S. Augustin. (serm. sur la mont., 2, 32.) Il faut donc se garder de rien expliquer à celui qui n’est pas en état de comprendre ; car il vaut mieux le laisser chercher ce qui est caché pour lui, que de l’exposer à profaner par la haine comme le chien, ou par le mépris comme le pourceau, ce qui lui aura été découvert. De ce que l’on peut s’abstenir de dévoiler une vérité, il ne faut pas conclure qu’il soit permis de dire un mensonge, car le Seigneur, qui n’a jamais menti, a cependant cru devoir cacher quelques vérités comme le prouvent ces paroles : « J’ai beaucoup d’autres choses à vous dire, mais vous ne pouvez les porter maintenant. » Si quelqu’un se trouve dans l’impossibilité de comprendre les vérités saintes à cause des souillures de son âme, nous devons l’en purifier par la parole ou par les oeuvres, autant qu’il est possible.

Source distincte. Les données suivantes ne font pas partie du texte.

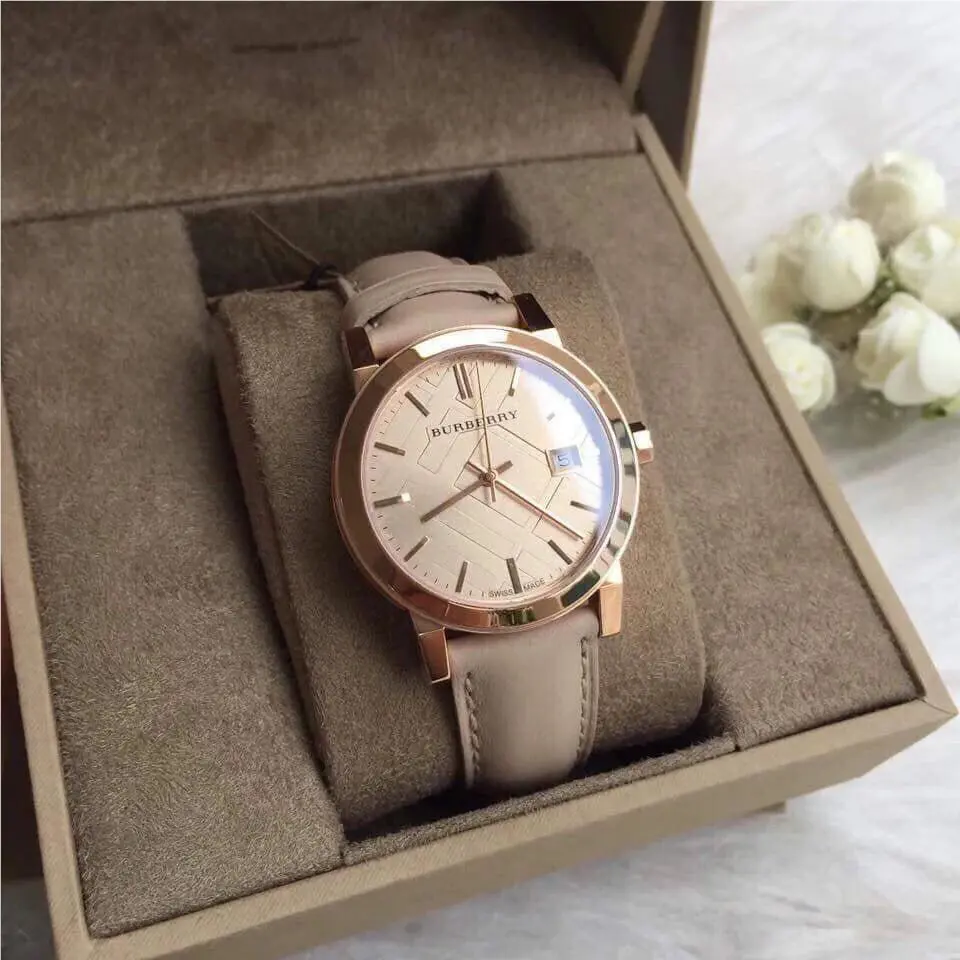 Burberry Women`s BU9109 City Classic Beige Leather Strap Watch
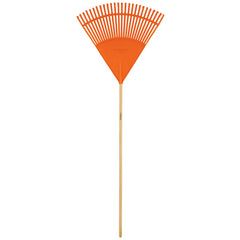Grebla de frunze din plastic, flexibila , rotunjita, latime 61 cm, cu coada de lemn de 122 cm Truper.
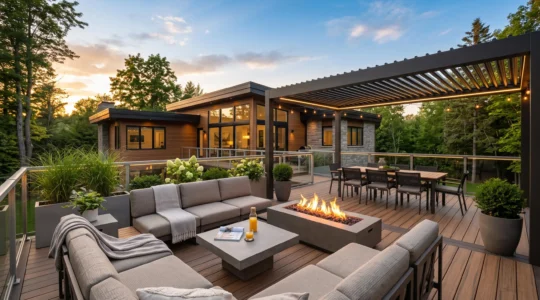 Vue d'ensemble d'un patio composite haut de gamme aménagé en espace de vie avec zones salon et repas, pergola à lames orientables, foyer au gaz actif, éclairage d'ambiance LED et jardinières structurantes, photographié en soirée dans une cour arrière résidentielle québécoise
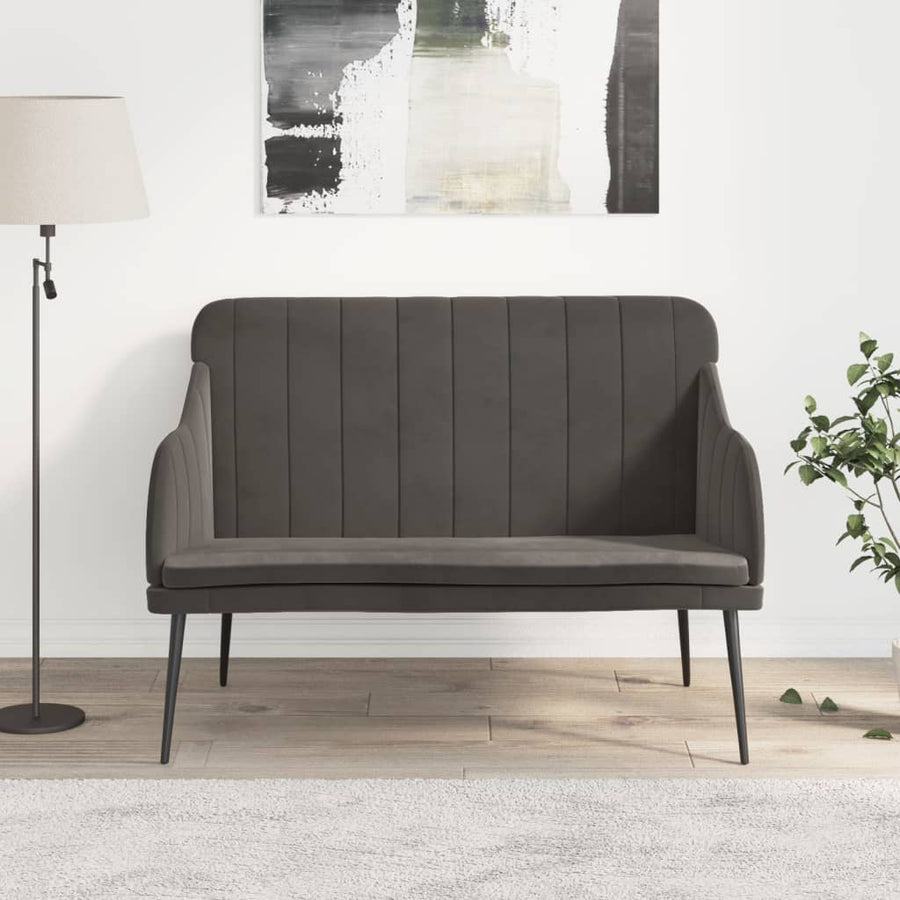 Bankje 110x76x80 cm fluweel donkergrijs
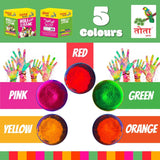 TOTA Holi Ke Rang – 5 Shades of Gulal Holi Colours | Red Orange Green Yellow Pink | 100% NonToxic Herbal Holi Color Gift Box – 375 Gm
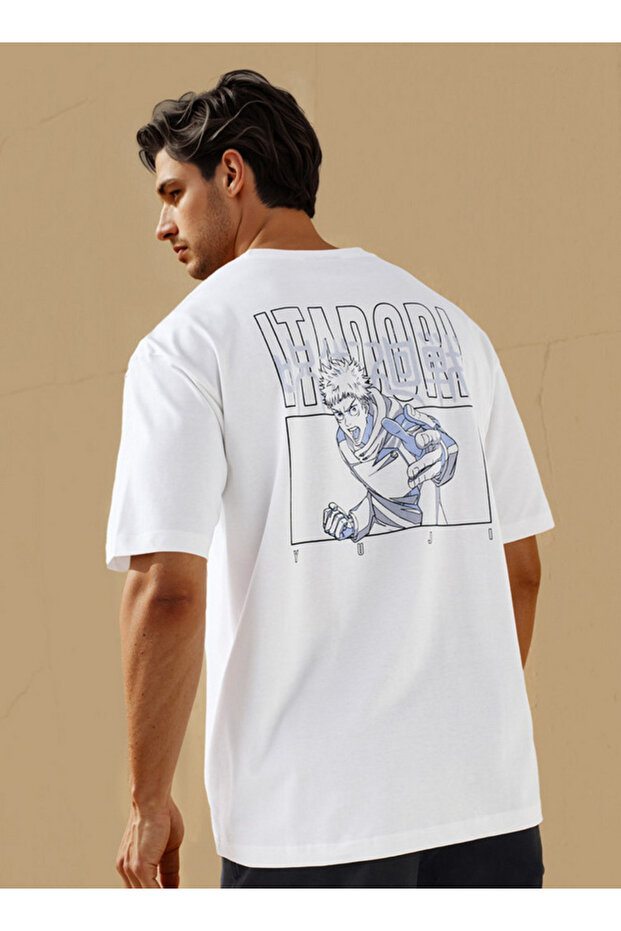 Yuji Itadori Print T-shirt with Crew Neck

De ce que le Seigneur ait souvent enseigné des vérités qu’un grand nombre de ceux qui l’écoutaient n’ont pas voulu recevoir, par mépris ou par opposition, il ne faut pas en conclure qu’il donnait les choses saintes aux chiens, ou qu’il jetait les perles devant les pourceaux. Il parlait pour ceux qui pouvaient le comprendre, et qui entendaient ses divines leçons, et qu’il n’était pas juste d’abandonner à cause de l’indignité des autres. Ceux qui venaient pour le tenter séchaient de douleur, et trouvaient la mort dans la sagesse de ses réponses, mais il y en avait un grand nombre d’autres capables de les comprendre, et qui profitaient de cette occasion pour entendre des leçons utiles. Celui qui est en état de répondre, doit le faire lorsqu’il s’agit de choses nécessaires au salut, dans l’intérêt de ceux qui seraient tentés de désespoir parce qu’ils s’imaginent que la difficulté qu’ils proposent est insoluble. Au contraire, dans les choses vaines et dangereuses, on doit ne rien dire, mais se contenter d’expliquer pourquoi on ne peut répondre à de semblables questions.

Saint Thomas d’Aquin, Glose continue des Évangiles. La chaîne d’or, ouvrage rédigé de 1263 à 1264.
Trad. par l’abbé J.-M. Peronne, Librairie Louis Vivès, 1868.